▶ WORK INSTRUCTIONS: What is needed is an exact reproduction of the lines in the records below, starting at the line with "Kitchen Magic Cabinet" and ending at the line with "Fresh-keeping Artificial Bonsai", both included, and nothing else; pictures stay out.

▶ RECORD SET:

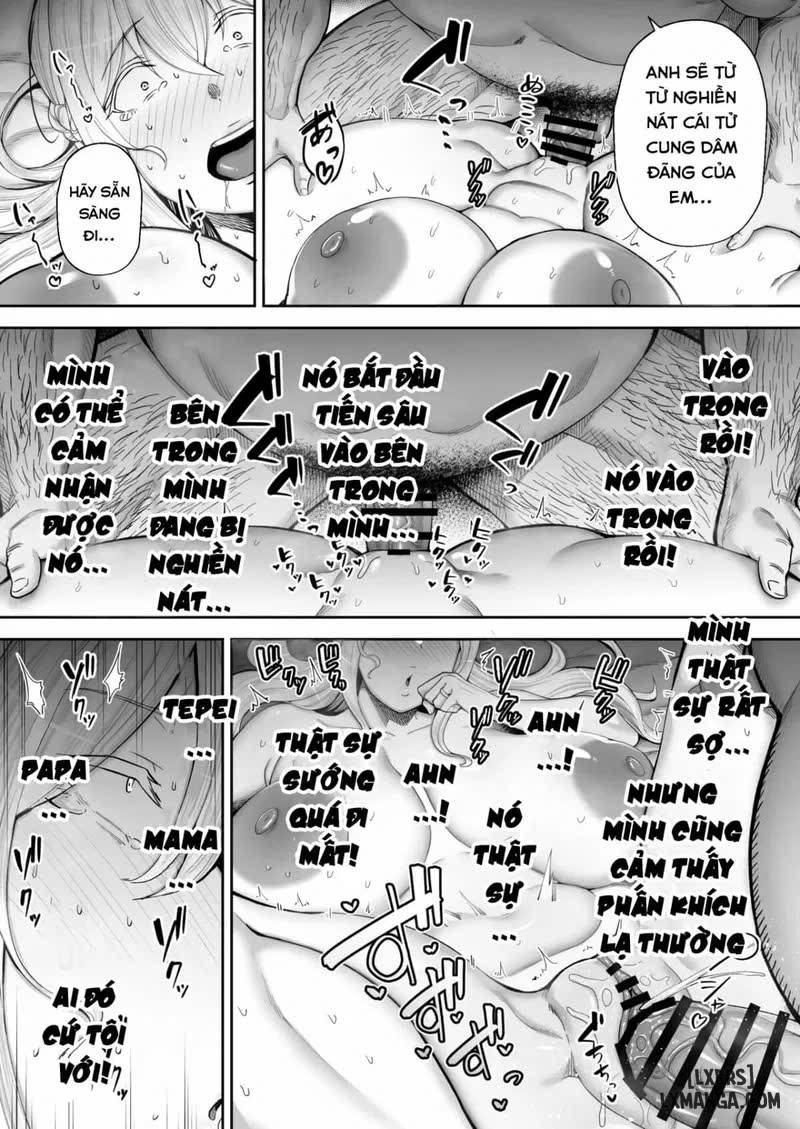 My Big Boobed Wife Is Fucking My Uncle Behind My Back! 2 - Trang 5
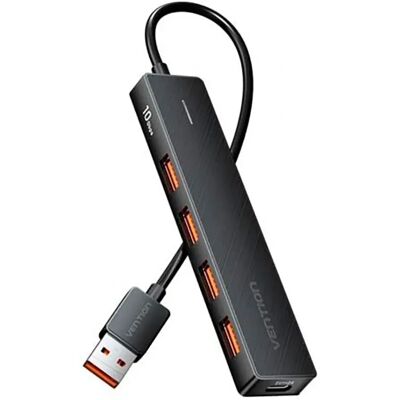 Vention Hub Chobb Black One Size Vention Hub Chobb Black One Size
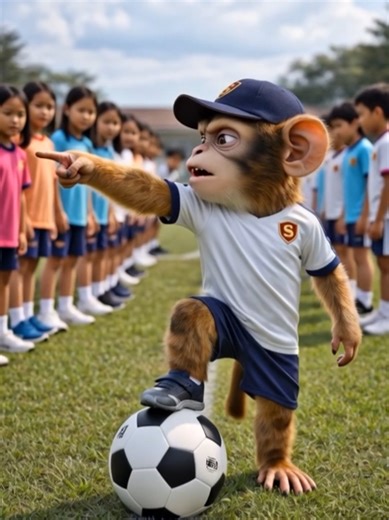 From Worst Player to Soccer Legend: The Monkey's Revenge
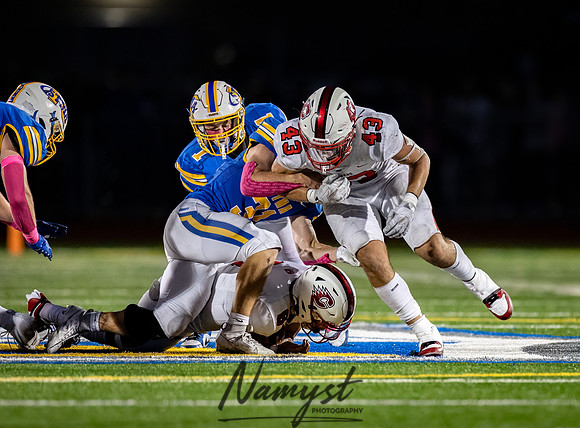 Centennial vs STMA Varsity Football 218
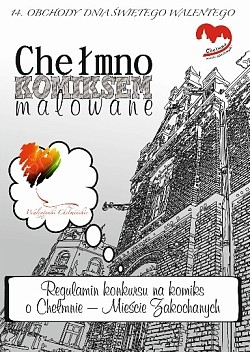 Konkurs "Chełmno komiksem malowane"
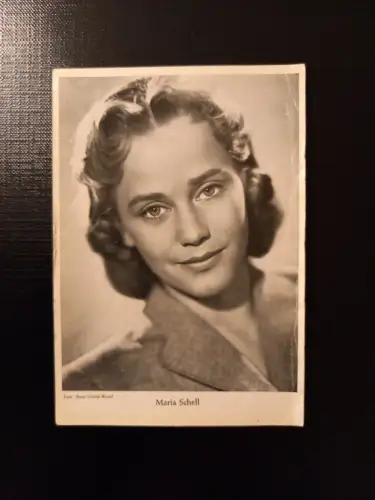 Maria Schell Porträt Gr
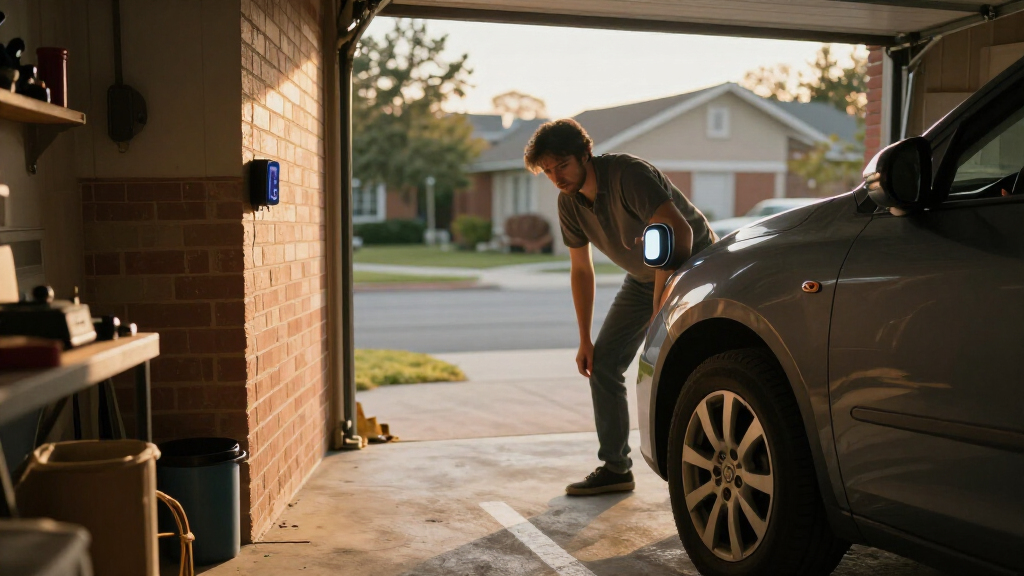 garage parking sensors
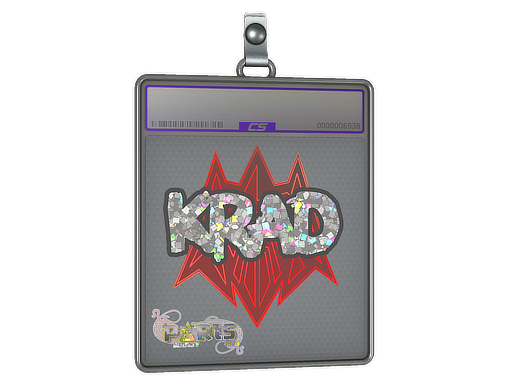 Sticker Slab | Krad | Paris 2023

...

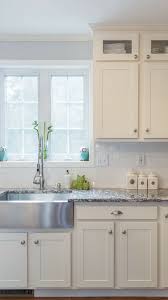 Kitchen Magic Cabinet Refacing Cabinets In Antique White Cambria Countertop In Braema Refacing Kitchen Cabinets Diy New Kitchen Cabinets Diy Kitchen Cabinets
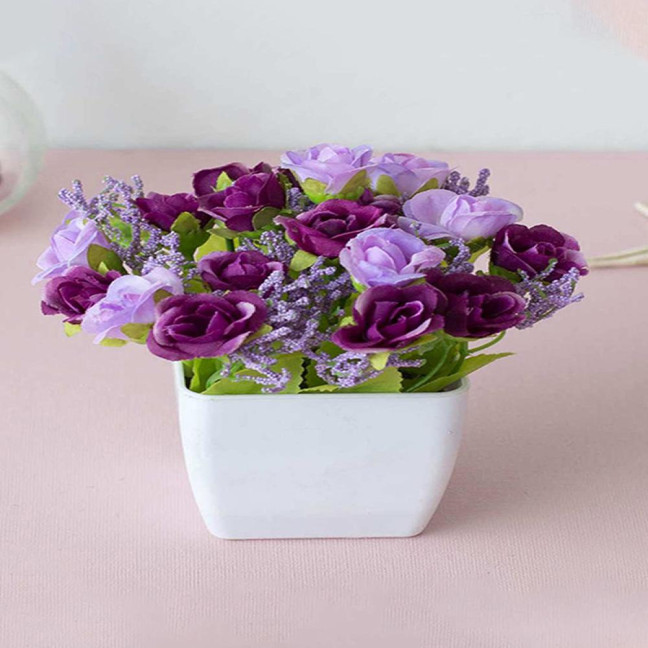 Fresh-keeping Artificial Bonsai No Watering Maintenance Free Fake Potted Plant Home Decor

---

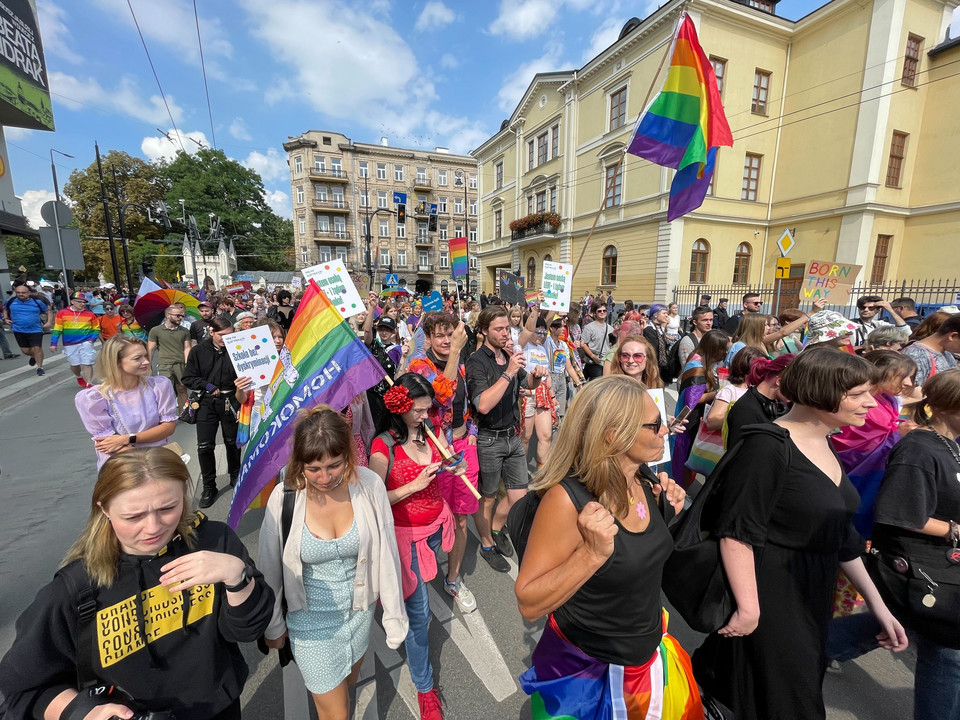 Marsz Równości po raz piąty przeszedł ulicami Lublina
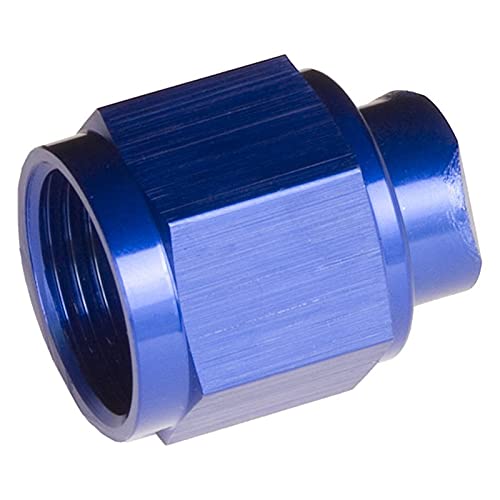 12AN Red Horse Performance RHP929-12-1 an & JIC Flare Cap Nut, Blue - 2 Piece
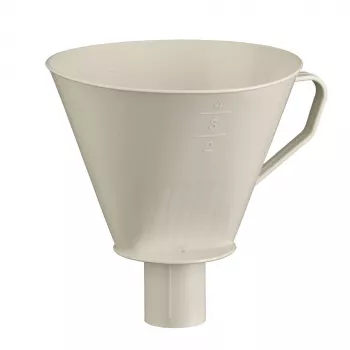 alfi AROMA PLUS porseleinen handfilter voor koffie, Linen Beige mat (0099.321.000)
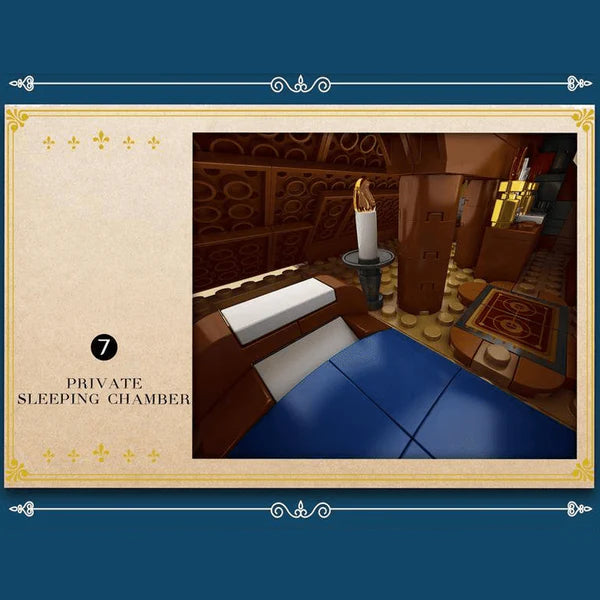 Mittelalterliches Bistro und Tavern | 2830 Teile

▶ FINISHED TASK:
 Kitchen Magic Cabinet Refacing Cabinets In Antique White Cambria Countertop In Braema Refacing Kitchen Cabinets Diy New Kitchen Cabinets Diy Kitchen Cabinets
 Fresh-keeping Artificial Bonsai No Watering Maintenance Free Fake Potted Plant Home Decor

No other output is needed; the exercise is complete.